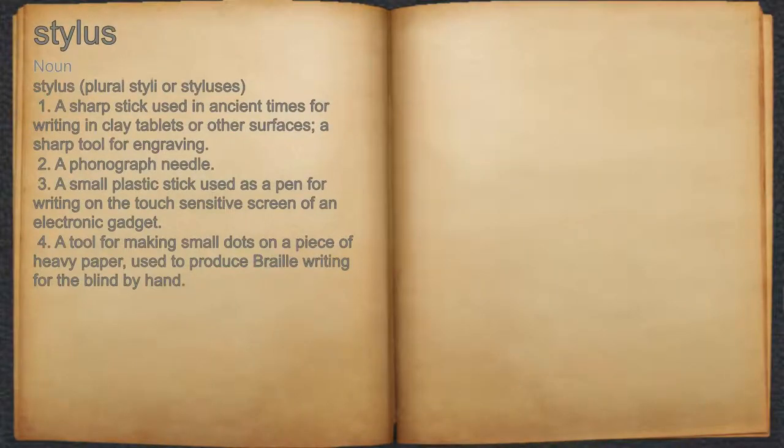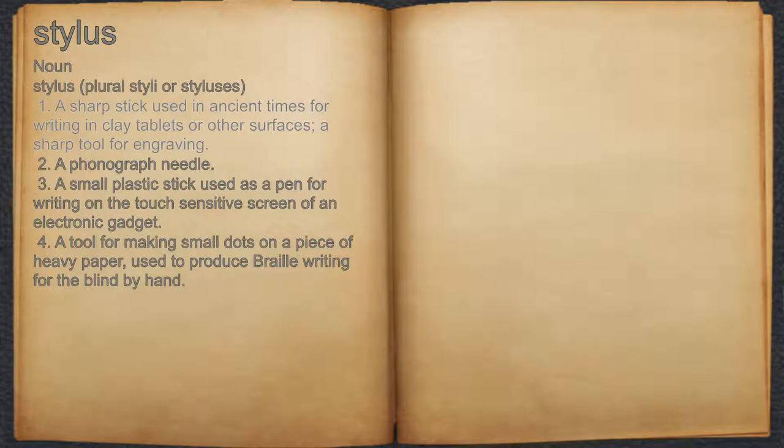Stylus. Noun. 1. A sharp stick used in ancient times for writing on clay tablets or other surfaces; a sharp tool for engraving.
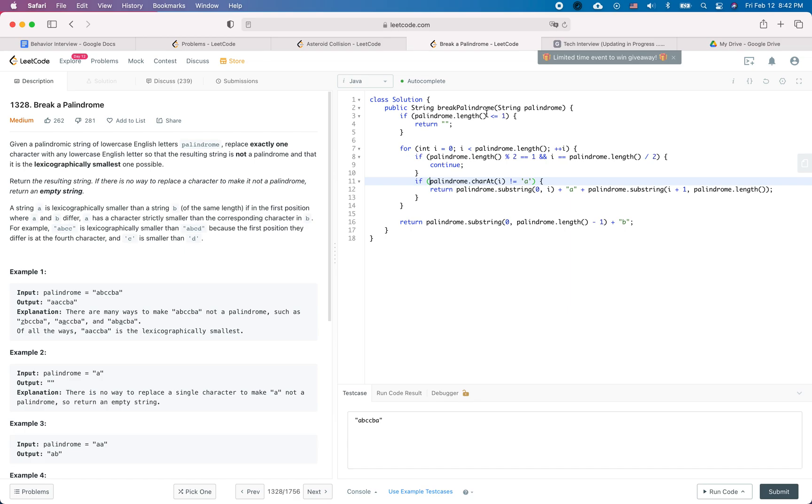There are several different cases. If the length of the input string is smaller or equal to one, then there's no way to make it non-palindrome. If it is larger than one, then there are two different cases: whether the length of the palindrome string is even or odd. But regardless, let's look at how to solve it in general.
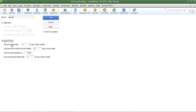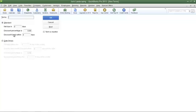Let's get started with the Standard option. In the terms field, type in a name for the term. I recommend that the name matches the number of days in which your company expects payment — so I'm going to type in net 45. In the Net Due In Days field, type in the number of days, which in this example is 45, matching the name of the term.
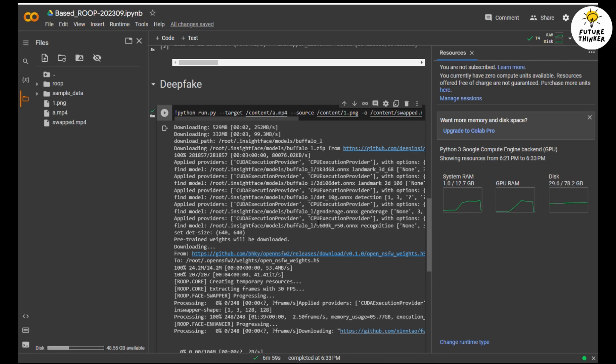Now once it is done, you will see the swapped.mp4 file appear on the file panel and a green check mark. Now you can download this mp4 file, and that is your face swapped video.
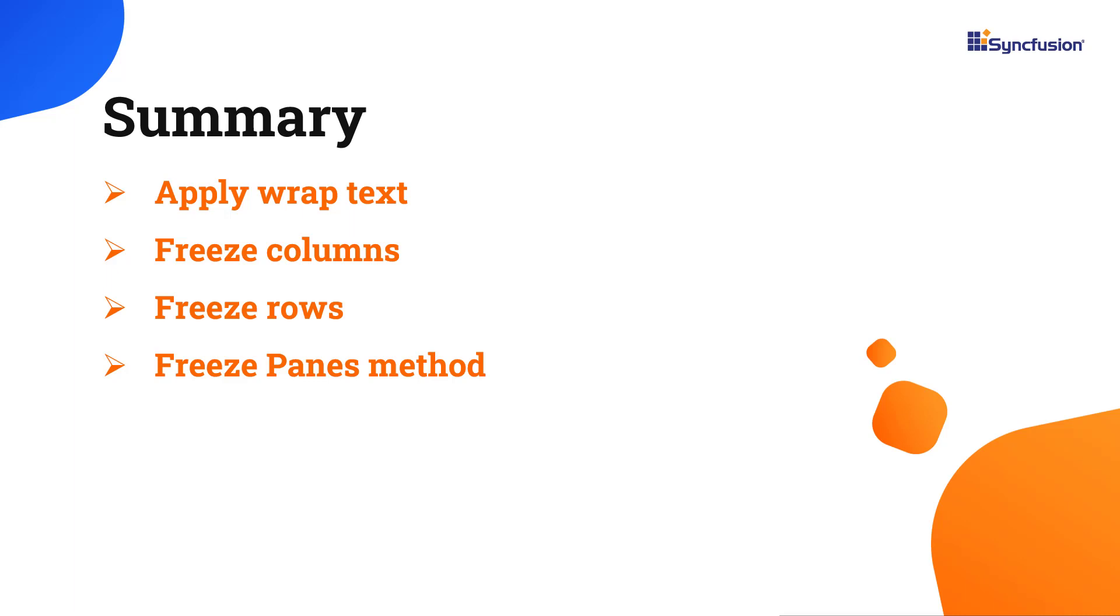You can download this working example from the GitHub link in the description below. I've also shared a link where you can see if you're eligible for our community license, giving you a free license key to use our Angular products.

§ DIRECTIONS FOR THIS TASK:
The required answer is an exact copy of the lines from the one containing "There are several" through the last line of the material, with the pictures removed.

§ PROBLEM SOLUTION:
There are several different cases. If the length of the input string is smaller or equal to one, then there's no way to make it non-palindrome. If it is larger than one, then there are two different cases: whether the length of the palindrome string is even or odd. But regardless, let's look at how to solve it in general.
Let's get started with the Standard option. In the terms field, type in a name for the term. I recommend that the name matches the number of days in which your company expects payment — so I'm going to type in net 45. In the Net Due In Days field, type in the number of days, which in this example is 45, matching the name of the term.
Now once it is done, you will see the swapped.mp4 file appear on the file panel and a green check mark. Now you can download this mp4 file, and that is your face swapped video.
You can download this working example from the GitHub link in the description below. I've also shared a link where you can see if you're eligible for our community license, giving you a free license key to use our Angular products.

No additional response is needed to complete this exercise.